DATASET EXCERPT
**********

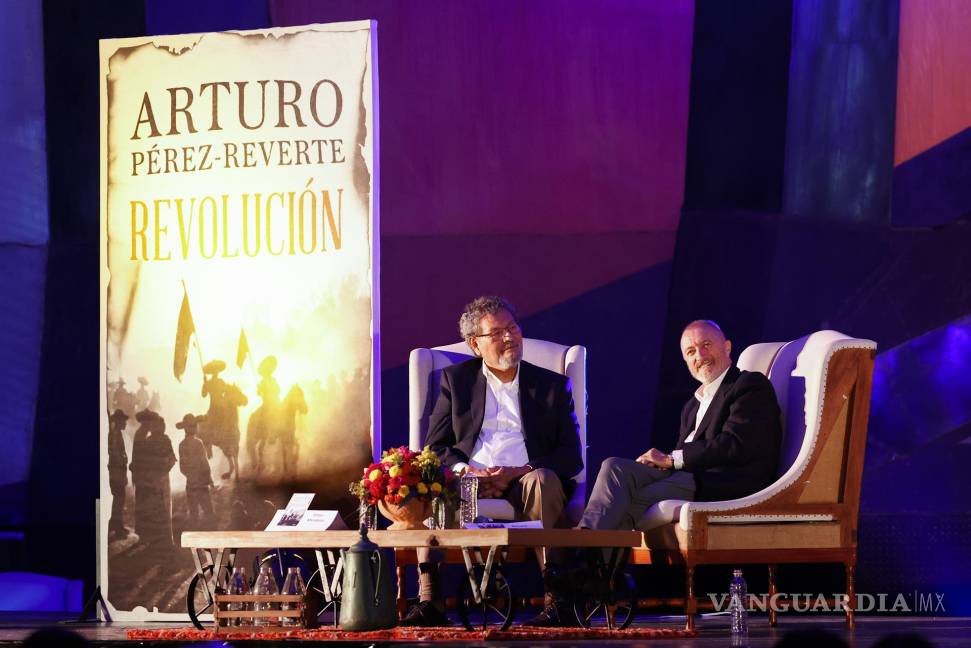 $!Arturo Pérez-Reverte (d) y el novelista mexicano Elmer Mendoza (i), en la presentación de su nuevo libro “Revolución” en el Polyforum Siqueiros.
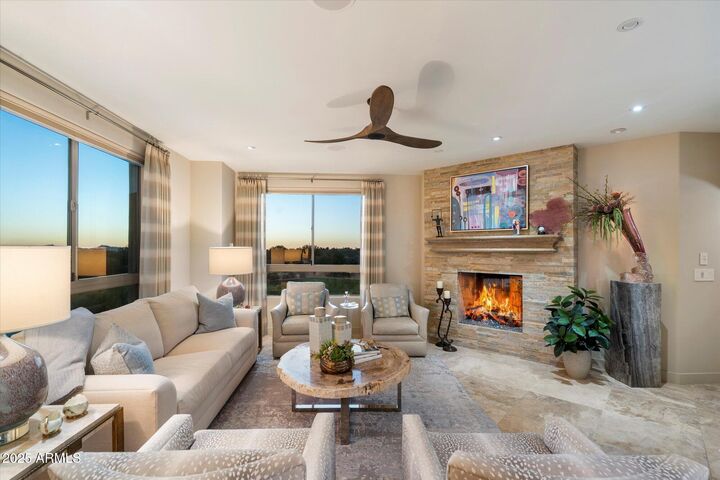 Property Photo:  15802 N 71st Street 501  AZ 85254 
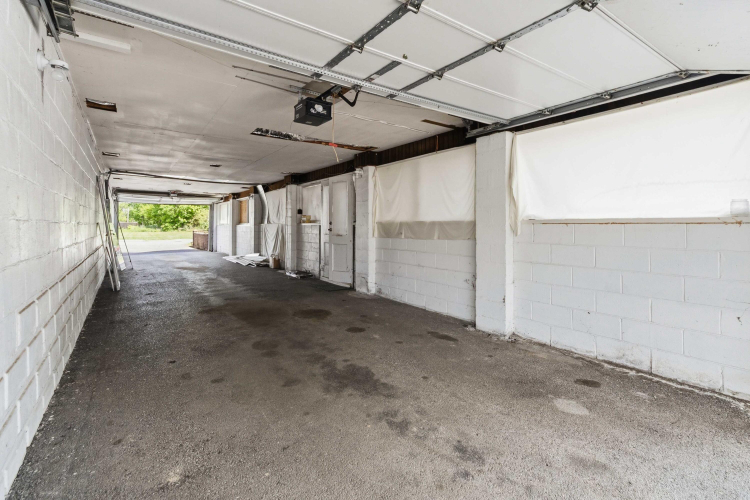 Listing Image 55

**********

EXERCISE
In your copy, restate the data above word for word but leave out any picture.

REPLY TO THE EXERCISE
 $!Arturo Pérez-Reverte (d) y el novelista mexicano Elmer Mendoza (i), en la presentación de su nuevo libro “Revolución” en el Polyforum Siqueiros.
 Property Photo:  15802 N 71st Street 501  AZ 85254 
 Listing Image 55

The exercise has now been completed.